In TS this part looks like this:

const calldata = encodeAppendSequencerBatch(batch)
return OVM_CanonicalTransactionChain.signer.sendTransaction({
  to: OVM_CanonicalTransactionChain.address,
  data: '0x' + methodId + calldata,
})

and the encoding part:

export const encodeAppendSequencerBatch = (
  b: AppendSequencerBatchParams
): string => {
  const encodeShouldStartAtElement = encodeHex(b.shouldStartAtElement, 10)
  const encodedTotalElementsToAppend = encodeHex(b.totalElementsToAppend, 6)

  const encodedContextsHeader = encodeHex(b.contexts.length, 6)
  const encodedContexts =
    encodedContextsHeader +
    b.contexts.reduce((acc, cur) => acc + encodeBatchContext(cur), '')

  const encodedTransactionData = b.transactions.reduce((acc, cur) => {
    if (cur.length % 2 !== 0) {
      throw new Error('Unexpected uneven hex string value!')
    }
    const encodedTxDataHeader = remove0x(
      BigNumber.from(remove0x(cur).length / 2).toHexString()
    ).padStart(6, '0')
    return acc + encodedTxDataHeader + remove0x(cur)
  }, '')
  return (
    encodeShouldStartAtElement +
    encodedTotalElementsToAppend +
    encodedContexts +
    encodedTransactionData
  )
}

So in my opinion, I would leave this schema on the sequencer side and let the Vault marely decode base64 and send it through to the contract.
We can do the schema validation on the Vault side (the same that happens on the contract side) so that we prevent arbitrary contract invocation.

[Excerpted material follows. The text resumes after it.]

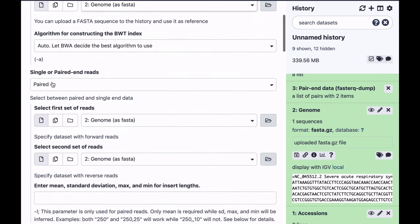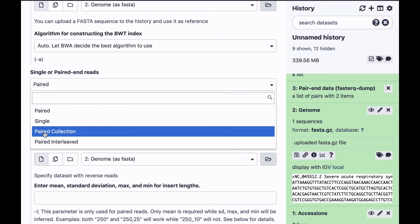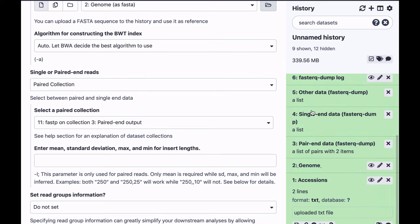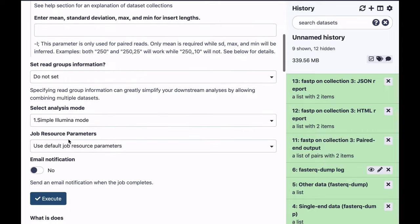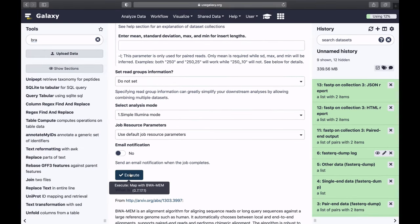And my reads are in the form of a paired collection. The collection I'm going to be using, because I have several collections now—this is the original collection, this is how data was downloaded from SRA. And now it's processed by FastP, so that's the data set I want to use now, this data set number 11 in this case. I'm not going to change any other parameters, I'm just going to start running.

OVM_CanonicalTransactionChain.sol
appendQueueBatch/1 (body commented out)
vault write -output-curl-string immutability-eth-plugin/wallets/sequencer/accounts/$ORIGINAL_AUTHORITY/ovm/appendQueueBatch l1=true nonce=1 gas_price=$GAS_PRICE_HIGH num_queued_transactions=$NUM_QUEUED_TRANSACTIONS contract=$OVM_CTC
numQueuedTransactions is an integer

OVM_L1CrossDomainMessenger.sol
relayMessage/5 and OVM_L1CrossDomainMessengerFast.sol relayMessage/5
use the same Solidity API:

function relayMessage(
  address _target,
  address _sender,
  bytes memory _message,
  uint256 _messageNonce,
  L2MessageInclusionProof memory _proof
)

vault write -output-curl-string immutability-eth-plugin/wallets/sequencer/accounts/$ORIGINAL_AUTHORITY/ovm/relayMessage l1=true nonce=1 gas_price=$GAS_PRICE_HIGH target=$TARGET sender=$SENDER message=$MESSAGE message_nonce=$MESSAGE_NONCE proof=$PROOF contract=$OVM_L1CDM
where the proof is just a simple object (example below), message nonce is an integer and everything else a base64 integer string:

const proof1 = {
  stateRoot: ethers.constants.HashZero,
  stateRootBatchHeader: DUMMY_BATCH_HEADERS[0],
  stateRootProof: DUMMY_BATCH_PROOFS[0],
  stateTrieWitness: '0x',
  storageTrieWitness: '0x',
}

OVM_L2CrossDomainMessenger.sol
relayMessage/4
with Solidity API

function relayMessage(
  address _target,
  address _sender,
  bytes memory _message,
  uint256 _messageNonce
)

vault write -output-curl-string immutability-eth-plugin/wallets/sequencer/accounts/$ORIGINAL_AUTHORITY/ovm/relayMessage l1=false nonce=1 gas_price=$GAS_PRICE_HIGH target=$TARGET sender=$SENDER message=$MESSAGE message_nonce=$MESSAGE_NONCE contract=$OVM_L1CDM
same as above

As the Vault could interact both with L1 and L2, the configuration part would need to be expanded so that it supports talking to nodes on l1 and on l2.

vault write immutability-eth-plugin/config rpc_l1_url="$RPC_URL" chain_id="$CHAIN_ID" rpc_l2_url="$RPC_L2_URL" chain_l2_id="$CHAIN_ID_l2"

[InoMurko]

Thanks @kevsul for the first review.